I can't heal if I'm keeping secrets. Having guilt is going to make me relapse so I thought let's get it out the way quick & I'll accept any punishment I deserve just so I can move on. I had no idea what would happen. I had done so much research that I was able to explain my addiction & my chosen path to recovery to her which really helped. Lots of hugs & tears were shed between us but it looks like I'm going to get the support from my wife that I need. There is definitely some distance between us (not that there wasn't because of my habit) but it feels like we are going to heal as a couple rather than me wait to heal & then start on repairing the damage I have done to us. That could have gone soo wrong & still such a long way to go but phew! Glad that's out there. Probably my most important step so far.

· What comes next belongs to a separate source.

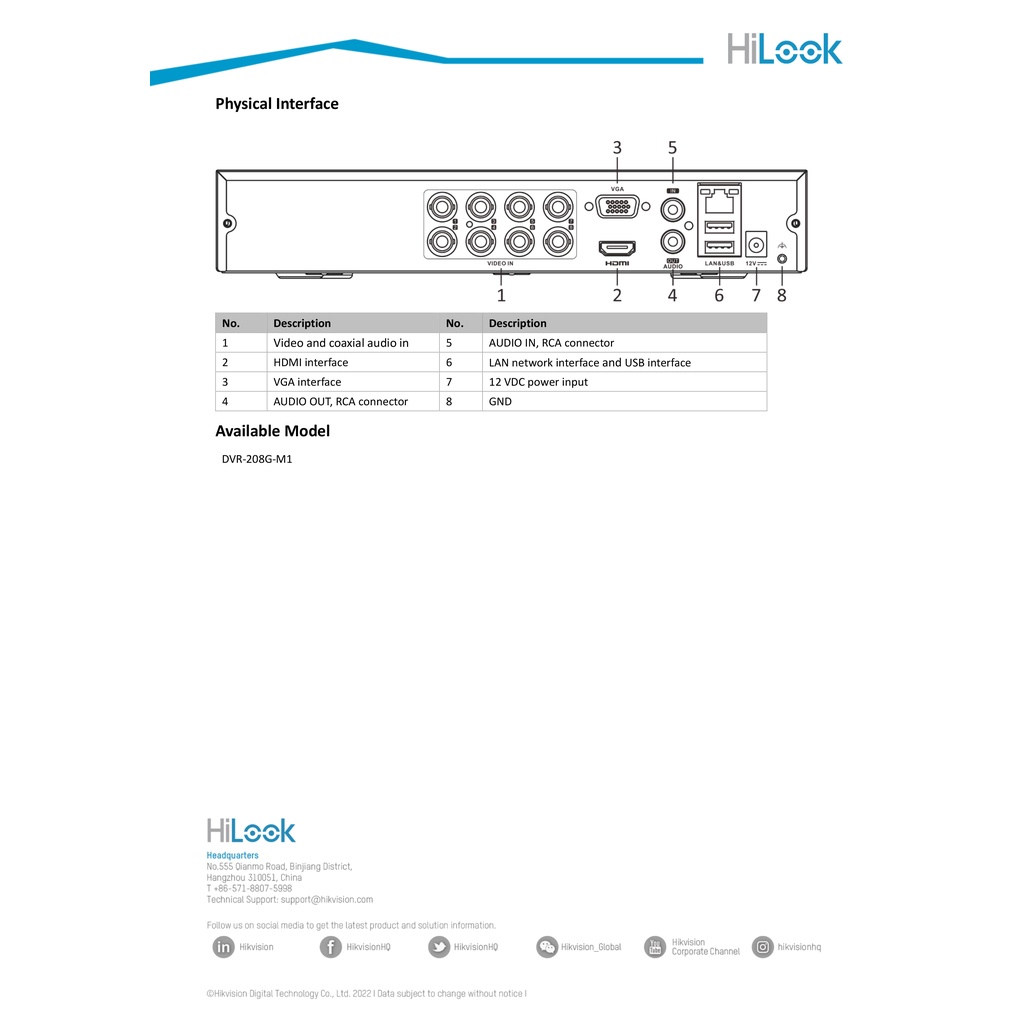 HILOOK เซ็ตกล้องวงจรปิด HD 8 CH DVR-208G-M1(C) + THC-B120-MS (2.8 mm) + อุปกรณ์ติดตั้ง #8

Wow, well done, there is nothing so uplifting and inspiring as someone living up to his own soul, thank you, you give me strength!
Yeah, it doesn't feel like I'm off the hook or anything but it's definitely made the whole thing more real making me far more conscious that I have to give it my all now.
Thank you & glad you find strength in this. I could have lost everything but instead I've gained what feels like more of a starting point than day one did. I am better than what I have become and so are all of the rest of us.
Thank you @IR254. I hope you find the strength to make the right choices for yourself. I'm going into this with the mindset of getting the hard stuff done first.